I love the mountains. For me, there is no greater feeling than climbing up a mountain, breathing hard, sweating out toxins, and then absorbing the view at the top as a reward. This is perfection for me - just being in nature through all the seasons. While I live in Scottsdale, Arizona most of the year, I escape to Park City whenever I can, especially as the Aspens change in Autumn.
Working in Colorado and Utah has made me have some serious respect for altitude and how it can affect skin. I notice more deep creases and weathered skin in the mountain environment than I ever did working in sunny Hawaii or Southern California. I think this is a combination of increased radiation exposure, lower oxygen levels, and drier climate.
Altitude has a huge effect on your skin for many reasons. The Earth’s total atmosphere is about 430 miles thick. However, the troposphere, which is the lowest layer of the atmosphere, measures only about 7 miles above North America. It contains over 75% of all the atmospheres gases and vast quantities of water and dust. These are the elements that protect your skin from the sun’s radiation. The higher you are, the less dense the air and the less protection you have – about 4% for every 1,000 feet in altitude. While it may take 25 minutes to burn in New York City, it can take as little as 6 minutes at 10,000 feet! It is possible to burn even when it is cloudy. Combine that with the reflection of UV rays off the snow in the winter and your skin is really vulnerable. I usually carry some small sunscreen samples in my pockets and reapply when heading back up the ski lifts in the Winter. A moisturizing or water resistant sunscreen will also help prevent skin chafing from the wind.
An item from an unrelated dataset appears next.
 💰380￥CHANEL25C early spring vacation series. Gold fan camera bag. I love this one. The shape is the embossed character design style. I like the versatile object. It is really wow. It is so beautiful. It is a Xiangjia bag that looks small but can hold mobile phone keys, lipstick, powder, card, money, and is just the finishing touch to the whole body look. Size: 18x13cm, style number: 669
How to Avoid and Treat Dry skin
At high altitudes, the humidity drops with the temperature. With the addition of forced air heat, dry and cracked skin is almost inevitable.
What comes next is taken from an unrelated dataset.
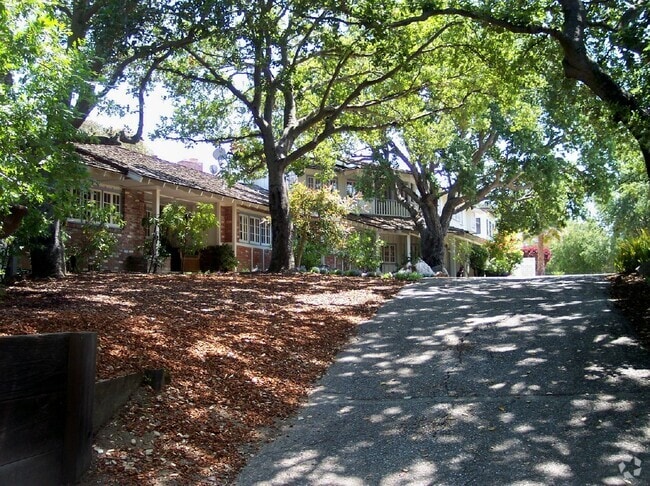 Building Photo - 5887 Arboretum Dr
Drink plenty of water to hydrate your skin from the inside out. Water helps fight altitude sickness, too, so drink up. Healthy fats also act like mortar between your skin cells and seal in moisture. Choose avocados, nuts, wild cold water fish, and olive oil. Avoid processed foods and fried fats as these will predispose your skin (and your body) to inflammation and rashes.
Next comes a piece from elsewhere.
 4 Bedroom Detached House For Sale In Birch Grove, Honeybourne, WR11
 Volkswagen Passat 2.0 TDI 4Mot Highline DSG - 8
Keep showers warm rather than hot. Rinse off with tepid water after using the hot tub to remove germs and chemicals. Immediately upon exiting the shower, apply a ceramide-rich cream moisturizer (rather than a lotion). Ceramides are natural components of your skin barrier that help keep a healthy barrier and seal in natural moisture without feeling greasy. Sleep with a humidifier next to the bed and get a water softener if you have hard water.